Elizabeth Escobar Senior Year Experience, Statistics  Ivan Ramler
Title: Methods and Applications of Quantile Regression Models
Quantile regression predicts changes in the different quantiles of the response variable based on changes in the predictors. This is in contrast to standard linear regression which models changes in the average response. Quantile regression allows us to analyze the complex manner in which predictors affect the response variable as we are able to consider the impact of a predictor on the entire conditional distribution of the response, not just on its conditional mean. Although it can be used in any case that linear regression is used, quantile regression is often applied by ecologists and in the analysis of growth charts and income. This presentation will introduce the concept of quantile regression and discuss how some of the common standard regression ideas, such as model selection and resampling based inference, can be incorporated into quantile regression.

Janelle Fredericks Senior Year Experience, Statistics Ivan Ramler
Title: An Introduction to Gaussian Mixture Modeling for Model-Based Clustering
There are many ways to understand how different datasets can be clustered together.

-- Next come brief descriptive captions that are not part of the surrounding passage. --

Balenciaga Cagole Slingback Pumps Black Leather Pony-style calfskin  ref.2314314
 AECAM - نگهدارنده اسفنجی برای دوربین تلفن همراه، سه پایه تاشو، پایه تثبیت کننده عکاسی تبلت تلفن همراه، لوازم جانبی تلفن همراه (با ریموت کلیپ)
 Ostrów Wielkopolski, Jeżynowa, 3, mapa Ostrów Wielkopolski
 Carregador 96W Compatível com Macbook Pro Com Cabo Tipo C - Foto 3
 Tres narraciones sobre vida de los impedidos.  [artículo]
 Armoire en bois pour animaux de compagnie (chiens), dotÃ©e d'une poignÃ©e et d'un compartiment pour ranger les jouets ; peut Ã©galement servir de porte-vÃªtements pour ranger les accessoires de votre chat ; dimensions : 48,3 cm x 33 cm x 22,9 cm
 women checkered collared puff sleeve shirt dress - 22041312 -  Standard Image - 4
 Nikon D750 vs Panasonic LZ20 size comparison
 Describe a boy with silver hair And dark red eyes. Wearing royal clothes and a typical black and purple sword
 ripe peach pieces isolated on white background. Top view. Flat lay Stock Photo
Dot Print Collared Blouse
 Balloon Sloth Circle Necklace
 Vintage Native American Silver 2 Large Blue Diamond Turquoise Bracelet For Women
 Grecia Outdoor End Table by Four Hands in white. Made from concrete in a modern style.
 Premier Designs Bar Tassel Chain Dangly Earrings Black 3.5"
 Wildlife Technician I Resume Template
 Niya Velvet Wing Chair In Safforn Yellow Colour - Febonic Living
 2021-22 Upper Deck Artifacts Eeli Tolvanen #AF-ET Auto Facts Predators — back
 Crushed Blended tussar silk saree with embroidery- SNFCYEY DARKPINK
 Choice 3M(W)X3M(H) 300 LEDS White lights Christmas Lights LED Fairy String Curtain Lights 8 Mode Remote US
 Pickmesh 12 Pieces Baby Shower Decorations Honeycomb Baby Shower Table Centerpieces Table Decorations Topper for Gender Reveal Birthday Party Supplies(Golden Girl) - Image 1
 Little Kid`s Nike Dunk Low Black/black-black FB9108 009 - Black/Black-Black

First, I will provide an overview of cluster analysis by introducing the classic k-means and hierarchical clustering algorithms. Next, we will take an in depth look at mixture model clustering and illustrate how the Expectation-Maximization (EM) algorithm is used to determine how clusters are formed. Finally, I will apply mixture model clustering to a dataset from a sleep study conducted by two St. Lawrence Psychology professors (Serge Onyper and Pamela Thacher) and use the derived clusters to examine happiness, depression, anxiety, and stress ratings of the students.

Curtis Hurlbut Senior Year Experience, Statistics  Ivan Ramler
Title: Exploring Robust Alternatives to Least Squares Regression
Robust regression is a form of regression analysis designed to not be overly affected by violations of assumptions. Robust regression models are not as sensitive to outliers as ordinary least squares estimates. In the case of the presence of outliers, least squares estimation is inefficient and can be biased, in which case robust regression is a viable alternative. This poster will introduce the robust regression method and apply it to an NFL dataset, as well as examine how model selection and resampling based inference is done in the robust case. 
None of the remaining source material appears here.